Такова разрушительная сила аналитического разума, что он оказывается вообще неспособен к какому бы то ни было созиданию: «Разум есть творчество навыворот, и он вспять исследил все звенья мироздания, разъял вселенную на вес и на число, пророс сознанием до недр природы, вник в вещество, впился как паразит в хребет земли неугасимой болью, к запретным тайнам подобрал ключи, освободил заклепанных титанов, построил им железные тела, запряг в неимоверную работу: преобразил весь мир, но не себя и стал рабом своих же гнусных тварей» («Мятеж»)[118]
.«Творчество навыворот» — злее и беспощаднее нельзя было сказать и самому Тютчеву.

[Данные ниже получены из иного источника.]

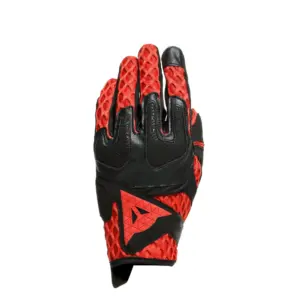 Guanti moto estivi Dainese Air-Maze Nero rosso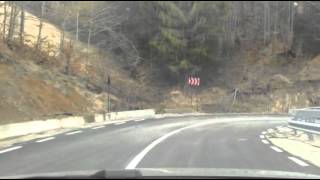 DJ 582 Mini Transalpina Banatului 14 Mar 2015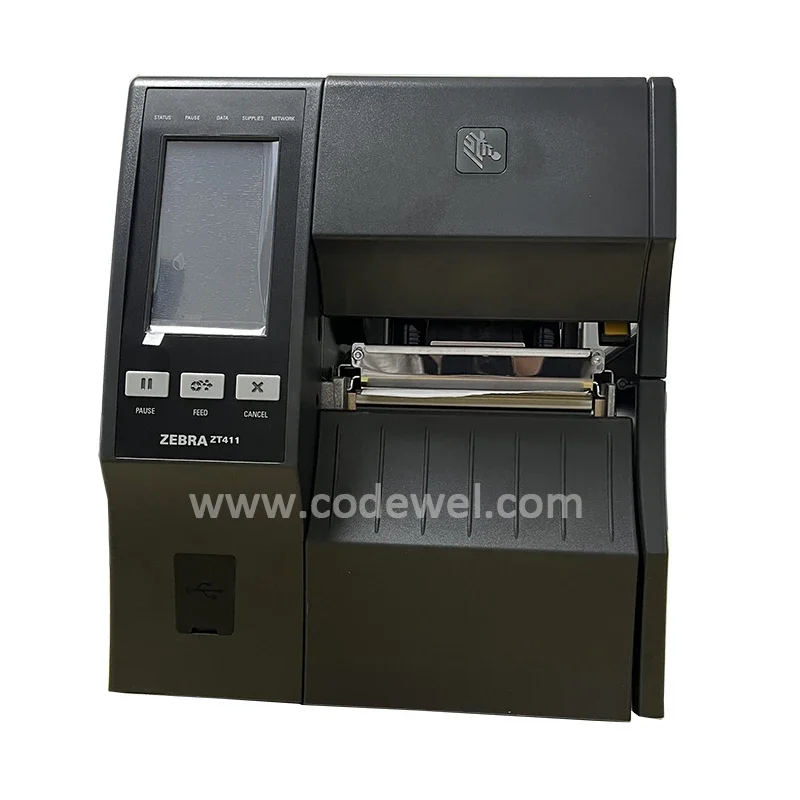 طابعة صناعية جديدة ZT411 للبار - مراجعة Label Printer Thermal وسعره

Откуда же шел такой глубокий скептицизм и недоверие к рассудку у одного из самых образованных и начитанных русских поэтов? Несомненно, из наблюдений заката и распада буржуазной культуры, которой был глубоко враждебен Волошин, веривший, как и Тютчев, что только в гармоническом слиянии с природой, доверившись естественным своим чувствам, сможет человек прийти к справедливому, счастливому мироустройству.
Сознание утраты прежней наивной веры не могло не привести к попытке создать своеобразный ее эквивалент — собственный мир условных знаков непознанного. Так возникла у Тютчева и Волошина тяга к мифотворчеству. Исследователи Тютчева пишут: «Образы природы у Тютчева складываются в своего рода мифы: хаос, бездна, ночь»[119]
. «Нередко олицетворения образов природы, как и отвлеченных понятий, выделяются Тютчевым прописными буквами»[120]. «Тут открывается возможность овеществлять, одушевлять, очеловечивать любые явления, предметы и понятия и ставить их в произвольные отношения с другими предметами и понятиями»[121]. Но разве это сказано только о Тютчеве?Мифотворчество особенно характерно для творчества Волошина последнего периода. Если в раннем периоде он охотно использовал образы уже существующих мифов и условного мира и их ему вполне хватало для выражения своих представлений, то в «Путями Каина» появляются совершенно новые мифологические существа, живущие самостоятельной жизнью: Огонь, Магия, Кулак, Меч, Порох, Машина, Государство, Суд… Они освобождены человеком из тесных темниц, они же его и поработили. Пар, выпущенный на волю, «внезапно превратился в прожорливого Минотавра», который послал «рабочих в копи — рыть руду и уголь, в болота — строить насыпи, в пустыни — прокладывать дороги; запер человека в застенки фабрик, в шахты под землею, запачкал небо угольною сажей, луч солнца — копотью, и придушил в туманах расплесканное пламя городов» (290).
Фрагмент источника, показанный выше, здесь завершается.